If boys will be boys…

If boys will be boys…

One of the inspirational women that I met in America last month recently drew my attention to this article.

I encourage you to follow the link above and read it, and I’m actually encouraging a lot of people to do the same.

Because, wow, is this true.

And it really needs to be heard.

Because this is where our talk gets real. And our faith gets lived out. And we really see the higher standard of purity that our Heavenly Father calls us to.

And we see why He does.

And what’s written here is beautifully true. Beautifully worded and full of a restoring reality that I want to share with others.

More than I do.

It’s also hard hitting. Because none of us are immune from the challenge and the experiences and maybe even the pain of this issue.

None of us.

Men and women. Boys and girls. Abused and abuser. Exploited and powerful.

Every single human heart who wars to stand for the purity that is spoken about in Scripture and who strives to work out what that even looks like.

Every single human heart that asks ‘how far is too far’ in regards to what we let our eyes view and our ears hear and our hands and feet experience.

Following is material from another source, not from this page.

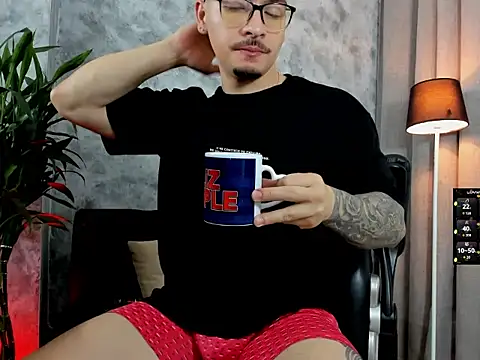 Snapshot of boyc022_ chatting on 1, 3, 2026 boyc022 online show from 1, 3, 2026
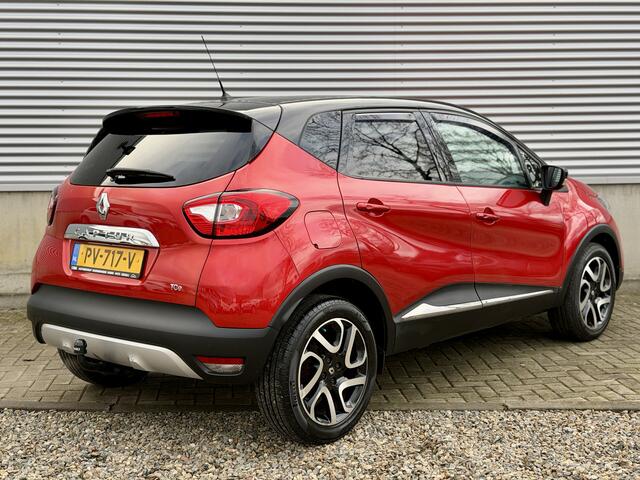 Renault CAPTUR 120pk TCe Dynamique Automaat [ Fm navi,camera,leer,ecc,17``lmv,trekhaak ]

And every single human heart that has failed, and come to Jesus in repentant tears saying, ‘I choose You. But I need You to help me love You and live for You as I should’.

 

Because truthfully, I meet young women every day who think they are garbage.

Worthless.

Inadequate.

And I meet young men every day who think that the women in their lives are garbage.

Worthless.

Inadequate.

And maybe they’d never say it in so many words.

Or maybe they would.

But in their actions they display their heart. And when they objectify those they are meant to treasure, and lust after those they were meant to love, and force those they were meant to defend… We have a problem.

A sin problem.

A human problem.

When we justify pornography as an acceptable, not just on the top shelves or adult-only websites, but through our pop videos and teenage magazines. When we allow our children to happily sing along to the crude lyrics in our iTunes top 10 and don’t guard their hearts or teach them how to. When we tell our girls that they have to ‘kiss a lot of frogs to find their prince’ and don’t teach them the God-given gifts of modesty and purity that protect their self-worth… We have a problem.

A sin problem.

A human problem.

And when men think wrongly of women, because they really think wrongly of themselves, because they really think wrongly of God… We have a problem. Just like when women think wrongly of men, because they really think wrongly of themselves, because they really think wrongly of God… We have a problem.

A sin problem.

A human problem.

When the prevailing thinking is boys will be boys – girls will be garbage. And that is never the heart of God.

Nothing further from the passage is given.